-- EXERCISE --
From the first line to the last, print the records exactly.

-- INFORMATION --
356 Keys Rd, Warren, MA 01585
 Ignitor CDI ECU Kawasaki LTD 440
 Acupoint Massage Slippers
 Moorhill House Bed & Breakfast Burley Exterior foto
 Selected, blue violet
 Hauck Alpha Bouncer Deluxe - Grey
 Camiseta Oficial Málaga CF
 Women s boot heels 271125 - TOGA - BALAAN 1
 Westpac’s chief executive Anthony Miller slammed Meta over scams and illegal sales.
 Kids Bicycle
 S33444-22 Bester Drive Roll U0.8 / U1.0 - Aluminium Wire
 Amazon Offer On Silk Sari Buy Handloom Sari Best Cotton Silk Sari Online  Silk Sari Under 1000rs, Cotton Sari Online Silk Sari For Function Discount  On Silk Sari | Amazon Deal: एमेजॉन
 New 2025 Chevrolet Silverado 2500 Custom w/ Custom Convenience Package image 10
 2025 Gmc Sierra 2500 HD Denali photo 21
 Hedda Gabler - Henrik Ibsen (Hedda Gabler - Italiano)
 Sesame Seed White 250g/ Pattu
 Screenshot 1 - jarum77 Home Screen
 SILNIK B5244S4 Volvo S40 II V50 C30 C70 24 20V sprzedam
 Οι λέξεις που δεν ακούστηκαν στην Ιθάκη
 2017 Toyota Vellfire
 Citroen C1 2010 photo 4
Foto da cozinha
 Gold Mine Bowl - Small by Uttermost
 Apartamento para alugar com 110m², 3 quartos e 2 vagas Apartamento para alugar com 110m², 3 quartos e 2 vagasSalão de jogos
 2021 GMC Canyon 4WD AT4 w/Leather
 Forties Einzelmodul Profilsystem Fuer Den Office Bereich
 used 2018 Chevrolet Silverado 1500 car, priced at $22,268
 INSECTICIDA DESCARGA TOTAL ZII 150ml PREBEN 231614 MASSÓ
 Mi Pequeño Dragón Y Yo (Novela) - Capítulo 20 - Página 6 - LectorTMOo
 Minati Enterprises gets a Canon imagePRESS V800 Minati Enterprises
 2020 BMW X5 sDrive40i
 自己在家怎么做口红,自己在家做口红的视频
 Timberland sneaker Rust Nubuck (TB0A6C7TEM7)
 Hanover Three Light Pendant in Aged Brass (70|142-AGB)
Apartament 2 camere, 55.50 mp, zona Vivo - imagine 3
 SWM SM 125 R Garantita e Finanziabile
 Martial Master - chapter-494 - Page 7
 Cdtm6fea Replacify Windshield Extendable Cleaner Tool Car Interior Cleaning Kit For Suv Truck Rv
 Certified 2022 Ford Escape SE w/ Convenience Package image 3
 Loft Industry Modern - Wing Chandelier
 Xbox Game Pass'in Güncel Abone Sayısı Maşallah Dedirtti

-- REPLY TO THE TASK --
356 Keys Rd, Warren, MA 01585
 Ignitor CDI ECU Kawasaki LTD 440
 Acupoint Massage Slippers
 Moorhill House Bed & Breakfast Burley Exterior foto
 Selected, blue violet
 Hauck Alpha Bouncer Deluxe - Grey
 Camiseta Oficial Málaga CF
 Women s boot heels 271125 - TOGA - BALAAN 1
 Westpac’s chief executive Anthony Miller slammed Meta over scams and illegal sales.
 Kids Bicycle
 S33444-22 Bester Drive Roll U0.8 / U1.0 - Aluminium Wire
 Amazon Offer On Silk Sari Buy Handloom Sari Best Cotton Silk Sari Online  Silk Sari Under 1000rs, Cotton Sari Online Silk Sari For Function Discount  On Silk Sari | Amazon Deal: एमेजॉन
 New 2025 Chevrolet Silverado 2500 Custom w/ Custom Convenience Package image 10
 2025 Gmc Sierra 2500 HD Denali photo 21
 Hedda Gabler - Henrik Ibsen (Hedda Gabler - Italiano)
 Sesame Seed White 250g/ Pattu
 Screenshot 1 - jarum77 Home Screen
 SILNIK B5244S4 Volvo S40 II V50 C30 C70 24 20V sprzedam
 Οι λέξεις που δεν ακούστηκαν στην Ιθάκη
 2017 Toyota Vellfire
 Citroen C1 2010 photo 4
Foto da cozinha
 Gold Mine Bowl - Small by Uttermost
 Apartamento para alugar com 110m², 3 quartos e 2 vagas Apartamento para alugar com 110m², 3 quartos e 2 vagasSalão de jogos
 2021 GMC Canyon 4WD AT4 w/Leather
 Forties Einzelmodul Profilsystem Fuer Den Office Bereich
 used 2018 Chevrolet Silverado 1500 car, priced at $22,268
 INSECTICIDA DESCARGA TOTAL ZII 150ml PREBEN 231614 MASSÓ
 Mi Pequeño Dragón Y Yo (Novela) - Capítulo 20 - Página 6 - LectorTMOo
 Minati Enterprises gets a Canon imagePRESS V800 Minati Enterprises
 2020 BMW X5 sDrive40i
 自己在家怎么做口红,自己在家做口红的视频
 Timberland sneaker Rust Nubuck (TB0A6C7TEM7)
 Hanover Three Light Pendant in Aged Brass (70|142-AGB)
Apartament 2 camere, 55.50 mp, zona Vivo - imagine 3
 SWM SM 125 R Garantita e Finanziabile
 Martial Master - chapter-494 - Page 7
 Cdtm6fea Replacify Windshield Extendable Cleaner Tool Car Interior Cleaning Kit For Suv Truck Rv
 Certified 2022 Ford Escape SE w/ Convenience Package image 3
 Loft Industry Modern - Wing Chandelier
 Xbox Game Pass'in Güncel Abone Sayısı Maşallah Dedirtti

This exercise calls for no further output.